▶ _WHAT IS BEING ASKED_: Each and every line of the data must appear exactly as given.

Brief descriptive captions

* * *

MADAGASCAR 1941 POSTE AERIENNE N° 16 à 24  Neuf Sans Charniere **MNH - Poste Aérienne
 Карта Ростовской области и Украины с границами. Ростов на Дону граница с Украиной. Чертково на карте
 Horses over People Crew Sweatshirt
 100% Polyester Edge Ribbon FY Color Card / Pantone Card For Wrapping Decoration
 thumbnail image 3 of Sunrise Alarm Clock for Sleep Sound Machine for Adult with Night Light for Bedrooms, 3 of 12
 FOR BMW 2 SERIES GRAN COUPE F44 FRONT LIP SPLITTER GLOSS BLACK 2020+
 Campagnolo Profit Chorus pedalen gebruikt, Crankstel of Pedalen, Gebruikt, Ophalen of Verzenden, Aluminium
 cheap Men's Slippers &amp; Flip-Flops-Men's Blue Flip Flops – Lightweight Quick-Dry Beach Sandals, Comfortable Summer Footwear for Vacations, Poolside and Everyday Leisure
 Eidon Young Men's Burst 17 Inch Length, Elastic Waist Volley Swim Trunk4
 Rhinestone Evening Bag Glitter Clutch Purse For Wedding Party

* * *

▶ _YOUR SOLUTION_:
MADAGASCAR 1941 POSTE AERIENNE N° 16 à 24  Neuf Sans Charniere **MNH - Poste Aérienne
 Карта Ростовской области и Украины с границами. Ростов на Дону граница с Украиной. Чертково на карте
 Horses over People Crew Sweatshirt
 100% Polyester Edge Ribbon FY Color Card / Pantone Card For Wrapping Decoration
 thumbnail image 3 of Sunrise Alarm Clock for Sleep Sound Machine for Adult with Night Light for Bedrooms, 3 of 12
 FOR BMW 2 SERIES GRAN COUPE F44 FRONT LIP SPLITTER GLOSS BLACK 2020+
 Campagnolo Profit Chorus pedalen gebruikt, Crankstel of Pedalen, Gebruikt, Ophalen of Verzenden, Aluminium
 cheap Men's Slippers &amp; Flip-Flops-Men's Blue Flip Flops – Lightweight Quick-Dry Beach Sandals, Comfortable Summer Footwear for Vacations, Poolside and Everyday Leisure
 Eidon Young Men's Burst 17 Inch Length, Elastic Waist Volley Swim Trunk4
 Rhinestone Evening Bag Glitter Clutch Purse For Wedding Party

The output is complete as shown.